Source data:
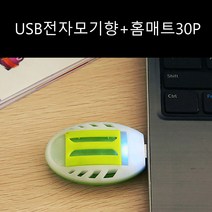 KC인증 차량용 여행용 비엘라 USB 전자모기향+홈매트 리필30매 간편휴대 모기훈증기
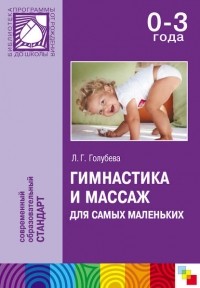 Л. Г. Голубева - Гимнастика и массаж для самых маленьких. Пособие для родителей и воспитателей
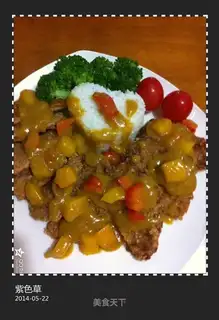 Curry pork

Directions for this task: Every line of the listing above is to be retyped exactly, but the pictures are to be dropped.

Result for this task:
 KC인증 차량용 여행용 비엘라 USB 전자모기향+홈매트 리필30매 간편휴대 모기훈증기
 Л. Г. Голубева - Гимнастика и массаж для самых маленьких. Пособие для родителей и воспитателей
 Curry pork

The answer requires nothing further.